Exercise - Your reply should hold every record exactly as given, with no pictures in it.
------------
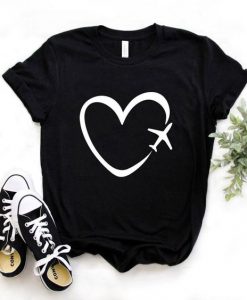 Airplane Heart t shirt FR05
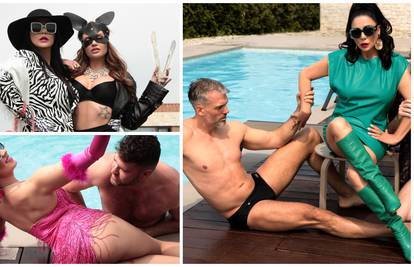 Zabavno popodne u Istri: Alka uz bivšeg mistera Bubičića na bazenu, Ella sa seksi maskom...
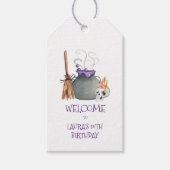 Witch Cauldron Halloween Gift Labels Cadeaulabel (Voorkant)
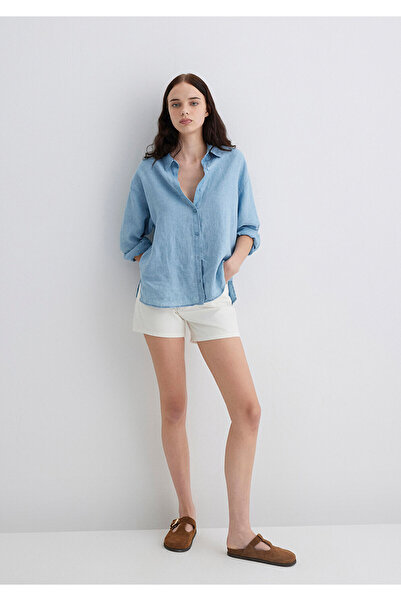 Mavi Verna Off White 90S Jean Shorts 1410059-90443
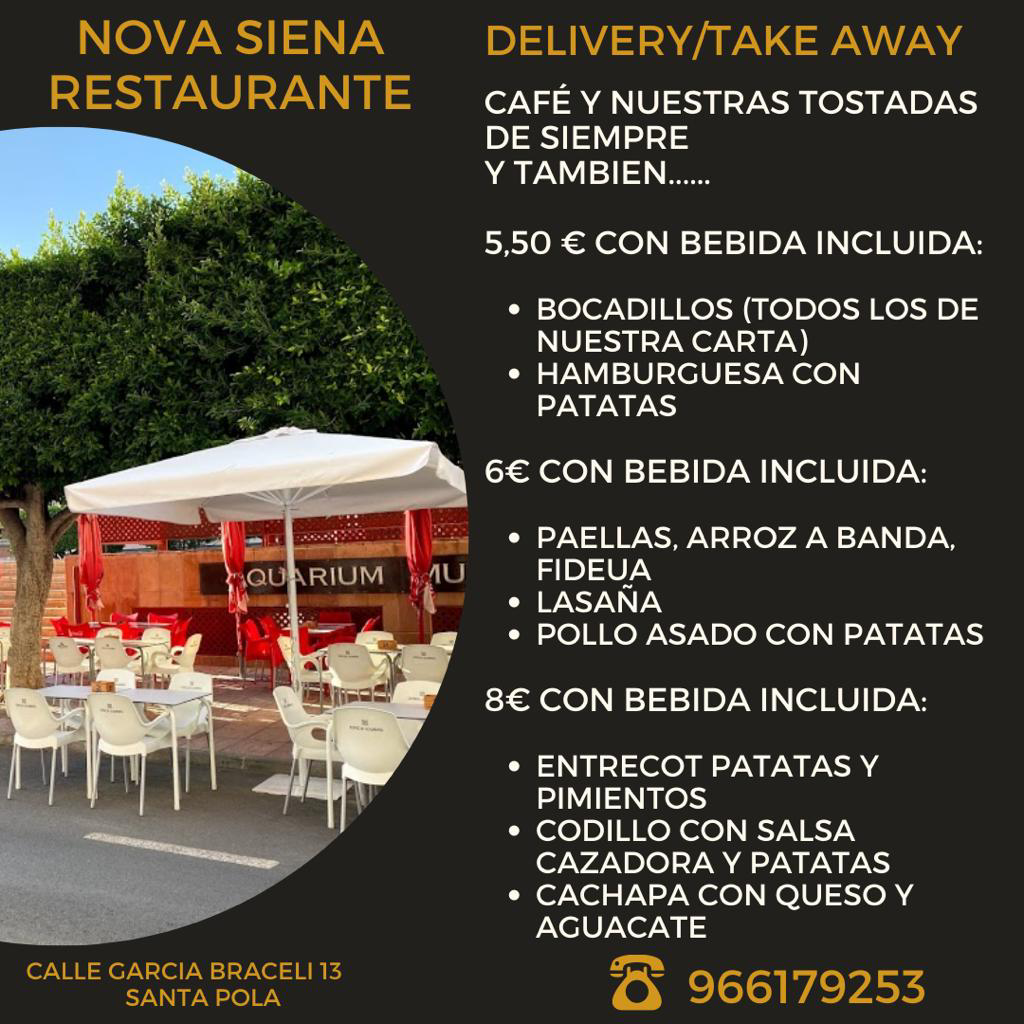 Nova Siena Restaurante — Carta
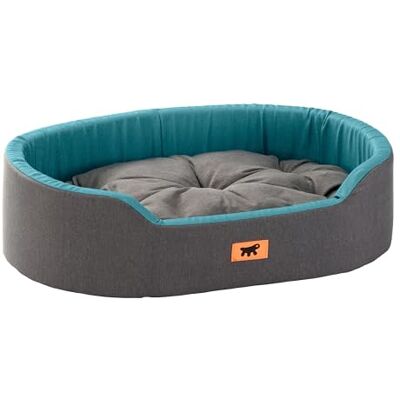 Ferplast Dandy Pet Bed - Cotton, Removable Cushion, 55x41x15cm - Pet Bed Ferplast Dandy Pet Bed - Cotton, Removable Cushion, 55x41x15cm - Pet Bed
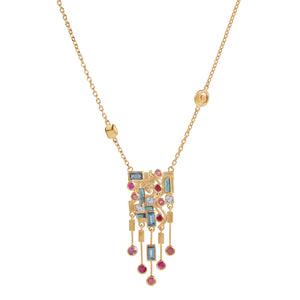 Multi gemstone Necklace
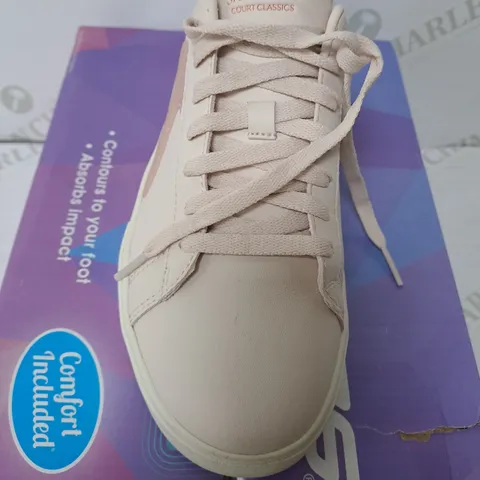 BOXED SKECHERS COURT CLASSICS BLUSH SALMON SIZE 4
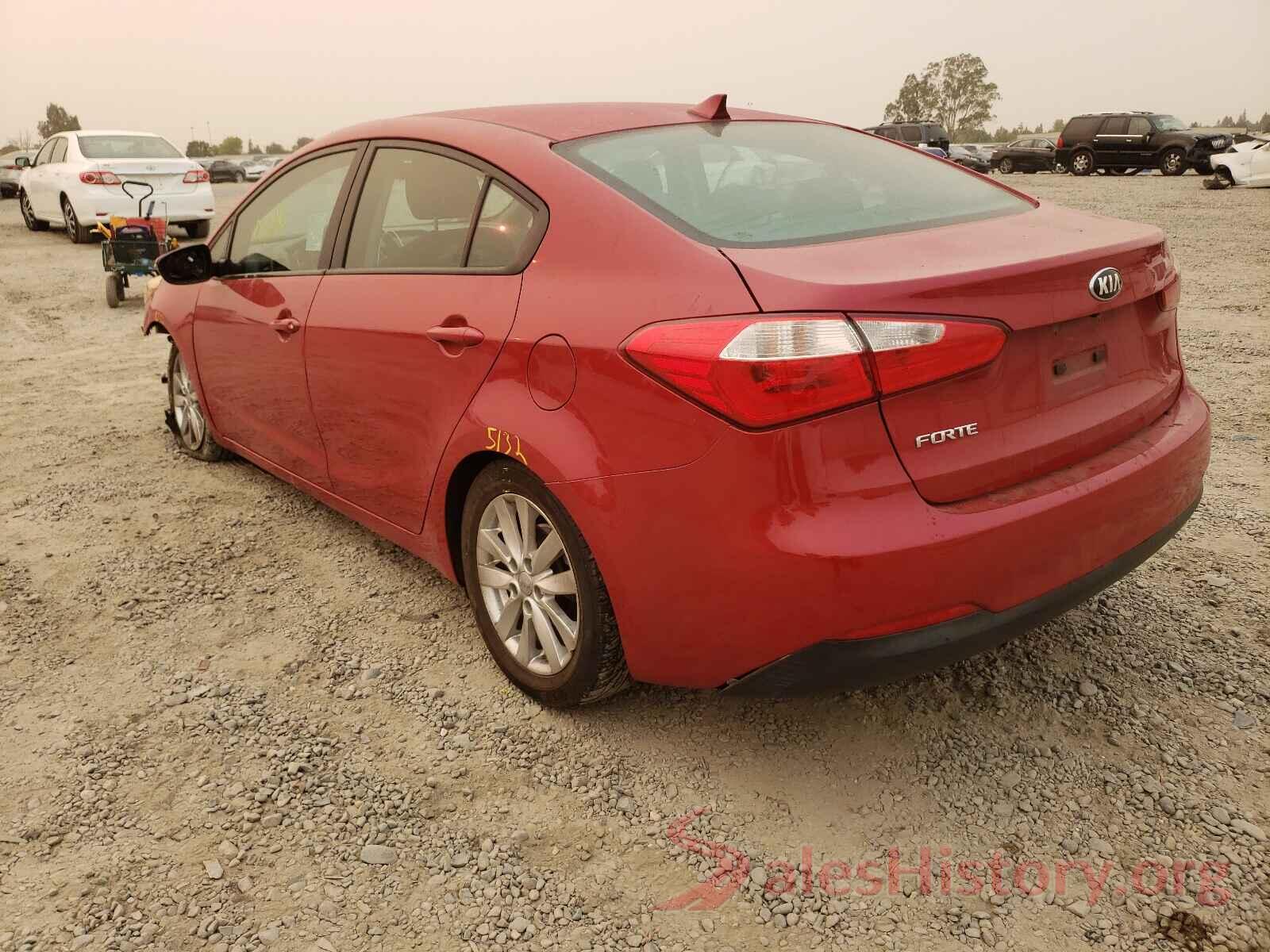 KNAFX4A6XG5553197 2016 KIA FORTE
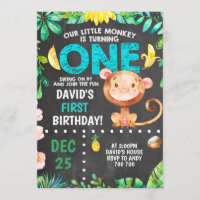 Little Monkey First Birthday Boy Party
------------
Response -
 Airplane Heart t shirt FR05
 Zabavno popodne u Istri: Alka uz bivšeg mistera Bubičića na bazenu, Ella sa seksi maskom...
 Witch Cauldron Halloween Gift Labels Cadeaulabel (Voorkant)
 Mavi Verna Off White 90S Jean Shorts 1410059-90443
 Nova Siena Restaurante — Carta
 Ferplast Dandy Pet Bed - Cotton, Removable Cushion, 55x41x15cm - Pet Bed Ferplast Dandy Pet Bed - Cotton, Removable Cushion, 55x41x15cm - Pet Bed
 Multi gemstone Necklace
 BOXED SKECHERS COURT CLASSICS BLUSH SALMON SIZE 4
 KNAFX4A6XG5553197 2016 KIA FORTE
 Little Monkey First Birthday Boy Party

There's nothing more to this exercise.